Exposure Wars: The long, connected and continuing fight for accountability; Part III: The burn pit 'journey of hell'
Photo by Kevin D. Liles for The American Legion

Exposure Wars: The long, connected and continuing fight for accountability; Part III: The burn pit 'journey of hell'

Three days after Tammy McCracken’s husband ran a half marathon in October 2010, he woke from biopsy surgery to learn he was being promoted to colonel. Eleven months later, he was dead.

It was another year before McCracken made the connection between her late husband’s aggressive glioblastoma, which doubled in size every two weeks, and his exposure to toxic burn pits during a year-long deployment to Iraq. It took an additional three years and the help of an attorney and private medical experts to convince VA of the link. 

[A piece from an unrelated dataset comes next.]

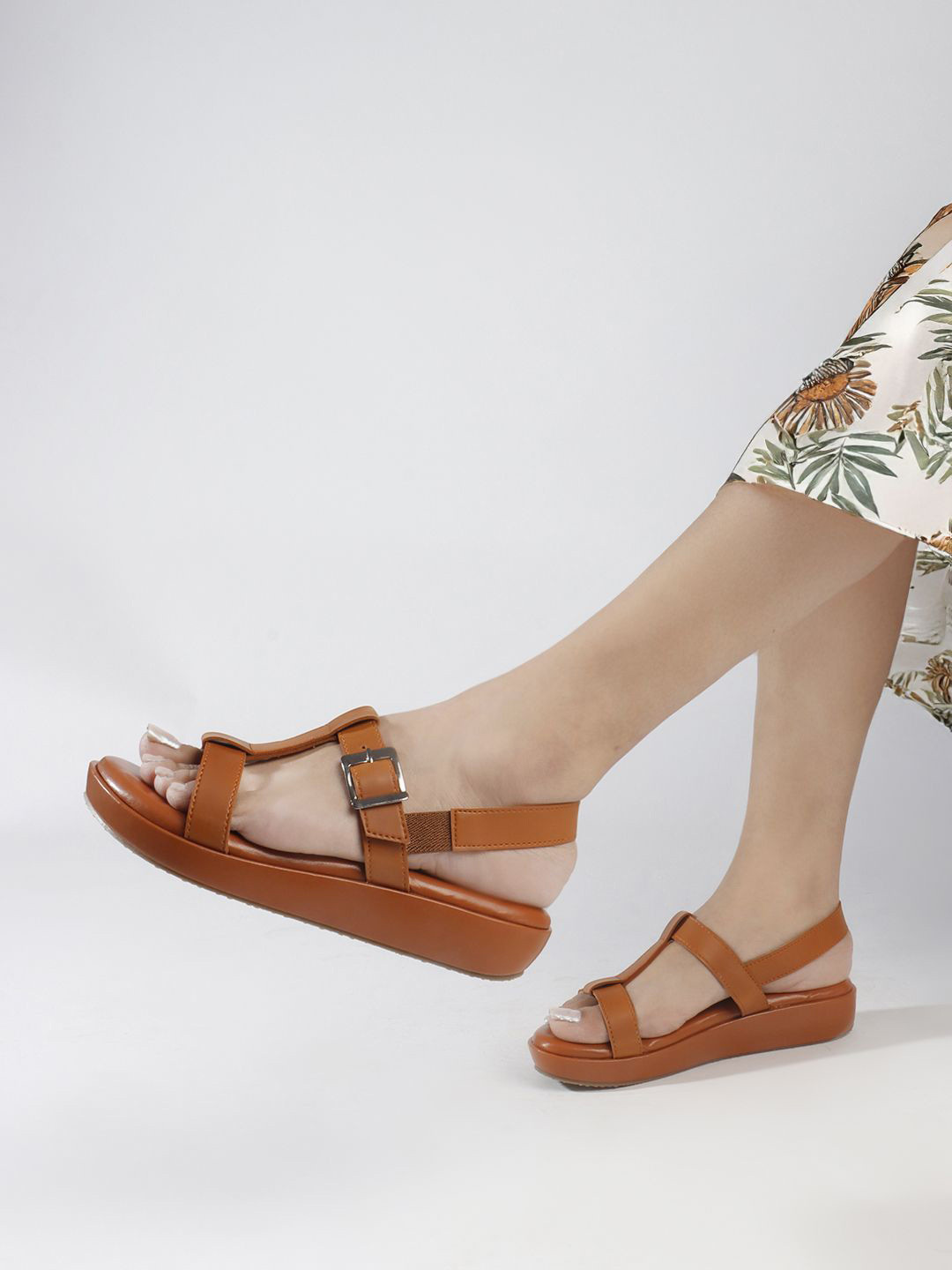 Carlton London Wn-83 Casual Starppy Platform Sandals with Buckles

Scores of Iraq and Afghanistan veterans have developed heart and lung problems, cancer and a host of other strange diseases that medical experts believe are tied to their exposure to burn pits. Yet McCracken is one of few people to successfully pursue VA claims tied to the U.S. military’s massive garbage-burning program in Iraq and Afghanistan – a practice so blatantly hazardous that it has been banned in the United States since the 1970s. And she worries VA will continue to stonewall tens of thousands of veterans and their families until it’s too late.

“It’s the new Agent Orange,” she says. “They are waiting for everyone to die.”

Remington Nevin, a doctor who served as a preventive health specialist with the 82nd Airborne in Afghanistan, shares her concern. “No one could have reasonably claimed that burning massive amounts of trash in close proximity to large
numbers of troops wouldn’t have consequences,” Nevin says. “In the medical and scientific community, there is overwhelming agreement that exposure to burning trash is inherently harmful. It is reckless in the extreme.” 

‘IRAQI CRUD’ McCracken’s husband went to Iraq in early 2008 as a liaison between the Army and the Army Corps of Engineers. There were three football-field-size burn pits near Camp Victory, where he was stationed. He talked about the horrible air quality during Skype calls with his wife and developed a persistent cough so common among servicemembers that they called it the “Iraqi crud.” 

David McCracken came home just after Christmas suffering from headaches he blamed on stress. He finally sought medical treatment the following summer and received prescription painkillers. But when he didn’t fully recover from anesthesia after routine surgery, physicians found an inoperable tumor growing in both hemispheres of his brain.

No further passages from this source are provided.